There are the obvious jokes to make there, and then there are the less obvious ones, and the show goes full tilt at both. And while there’s a comfort in having a sense of where a runner is going, there are enough curveballs to the humor that laughs are a’plenty.
Which is a very, very good thing. Seriously, thank God it’s funny because there are some moments of this show that hit really, really hard. Whereas BoJack spent most of Season 1 questioning whether or not he was a genuinely good (horse)man, Season 2 isn’t quite so existential in its exploration. It’s instead a more psychological experience, focused on this: What does it mean to be happy, and why are some people happy with what they have while others never will be?

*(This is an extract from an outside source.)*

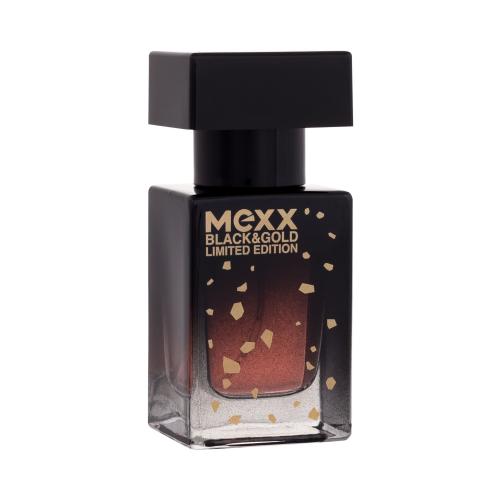 Mexx Black & Gold Limited Edition woda toaletowa 15 ml dla kobiet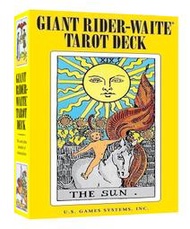 【左西購物網】萊德偉特教學牌（巨人版）Giant Rider-Waite Tarot Deck.中文翻譯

It’s a question not just being mulled over by BoJack, either; each of the main characters puts real time into asking themselves that.
It leads to a few unsettling plot choices, and there’s no episode that delivers quite the gut-punch that “The Telescope” (one of Indiewire’s favorite episodes of last year
) did in Season 1. But what’s maybe most exciting about Season 2 of “BoJack” is how it uses that depth of emotion to keep building as a show, growing out the world and adding new layers, which gives it a sense of real potential for longevity.
“BoJack’s” roots as a showbiz comedy genre ensure that it’s full of jabs at the expense of the industry. But it goes so much deeper than that. So much of the “BoJack” DNA is tied up in BoJack’s origin story as a ’90s network sitcom star because the show itself is actively working against the concept that sitcoms represent the way stories should work; that there are easy answers for any of its characters. And that’s what makes it feel so fundamentally true, at its core. No hugs or laugh track can smooth over this stuff. The only real solution is to keep on asking the questions.
“BoJack Horseman” Seasons 1 & 2 are now available to stream on Netflix.